Yes, you could manipulate the gradients manually of any layer using the previous code snippet or you could also use hooks (via register_hook), which might be cleaner especially if you are using multiple layers.

Thank you for your answer.
I realized that I have a slightly different problem here.
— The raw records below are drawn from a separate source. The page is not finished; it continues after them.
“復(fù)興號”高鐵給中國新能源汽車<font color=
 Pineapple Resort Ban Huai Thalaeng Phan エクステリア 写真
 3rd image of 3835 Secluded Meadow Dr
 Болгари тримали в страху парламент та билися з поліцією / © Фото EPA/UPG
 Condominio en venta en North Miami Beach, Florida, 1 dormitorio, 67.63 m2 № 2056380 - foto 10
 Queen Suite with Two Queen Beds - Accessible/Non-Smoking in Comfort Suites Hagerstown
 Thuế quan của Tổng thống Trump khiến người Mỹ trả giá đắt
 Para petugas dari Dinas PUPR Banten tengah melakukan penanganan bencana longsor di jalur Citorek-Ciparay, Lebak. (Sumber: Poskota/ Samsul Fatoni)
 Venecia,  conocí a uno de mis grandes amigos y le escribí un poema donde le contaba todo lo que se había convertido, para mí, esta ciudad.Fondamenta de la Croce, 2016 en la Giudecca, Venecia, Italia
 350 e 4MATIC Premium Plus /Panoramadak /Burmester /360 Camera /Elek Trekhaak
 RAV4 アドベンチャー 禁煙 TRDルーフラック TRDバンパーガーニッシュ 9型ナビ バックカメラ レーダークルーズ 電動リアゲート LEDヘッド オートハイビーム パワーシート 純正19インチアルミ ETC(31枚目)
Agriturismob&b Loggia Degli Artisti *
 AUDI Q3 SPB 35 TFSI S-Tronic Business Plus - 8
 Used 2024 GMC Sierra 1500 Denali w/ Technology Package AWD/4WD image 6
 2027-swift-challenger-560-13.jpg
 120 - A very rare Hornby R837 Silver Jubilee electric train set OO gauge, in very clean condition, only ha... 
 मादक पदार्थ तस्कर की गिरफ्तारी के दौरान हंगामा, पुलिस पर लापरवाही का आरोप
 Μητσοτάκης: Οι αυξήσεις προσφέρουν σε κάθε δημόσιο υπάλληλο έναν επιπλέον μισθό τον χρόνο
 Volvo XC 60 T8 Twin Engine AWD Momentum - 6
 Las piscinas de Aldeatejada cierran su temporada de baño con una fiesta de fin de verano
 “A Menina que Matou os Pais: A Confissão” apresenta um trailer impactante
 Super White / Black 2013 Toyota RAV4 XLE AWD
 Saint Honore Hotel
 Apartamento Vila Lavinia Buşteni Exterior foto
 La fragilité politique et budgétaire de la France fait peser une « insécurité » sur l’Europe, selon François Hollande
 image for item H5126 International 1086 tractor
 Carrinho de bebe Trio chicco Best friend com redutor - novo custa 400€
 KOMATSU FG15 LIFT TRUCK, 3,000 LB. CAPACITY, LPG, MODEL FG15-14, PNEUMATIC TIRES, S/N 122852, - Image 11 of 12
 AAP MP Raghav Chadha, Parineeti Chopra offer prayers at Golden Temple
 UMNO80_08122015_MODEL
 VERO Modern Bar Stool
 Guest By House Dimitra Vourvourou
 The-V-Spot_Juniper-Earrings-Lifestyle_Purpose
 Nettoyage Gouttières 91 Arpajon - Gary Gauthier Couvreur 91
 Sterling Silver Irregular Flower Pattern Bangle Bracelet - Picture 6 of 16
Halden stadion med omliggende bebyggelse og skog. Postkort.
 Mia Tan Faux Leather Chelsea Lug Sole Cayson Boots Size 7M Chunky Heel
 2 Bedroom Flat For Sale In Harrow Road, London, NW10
Rather than changing the weight of the layer, what I would like to do is to set the gradient of the loss w.r.t the output of my network. So dLoss/dOutput, which is not part of the network layer. It is more like setting a grad for a tensor variable? To be more specific, my pseudo code would be:

output = myNetwork(input)  

my_grad = getMyGradient()  #my custom dLoss/dOutput

output.grad = my_grad
output.backward() #usually backward starts from loss, but I would like to start from the output.
optimizer.step()

What would be the correct implementation for this kind of task?
Thank you in advance.

You can pass the gradient directly to the backward operation as an argument: output.backward(my_grad).

1 Like

It is working! Thank you!

Hi, ptrblck

Could you give an example of using hooks to manipulate the gradient of each layer (say a three-layer fully connected network)? I am new to PyTorch and never use hooks before.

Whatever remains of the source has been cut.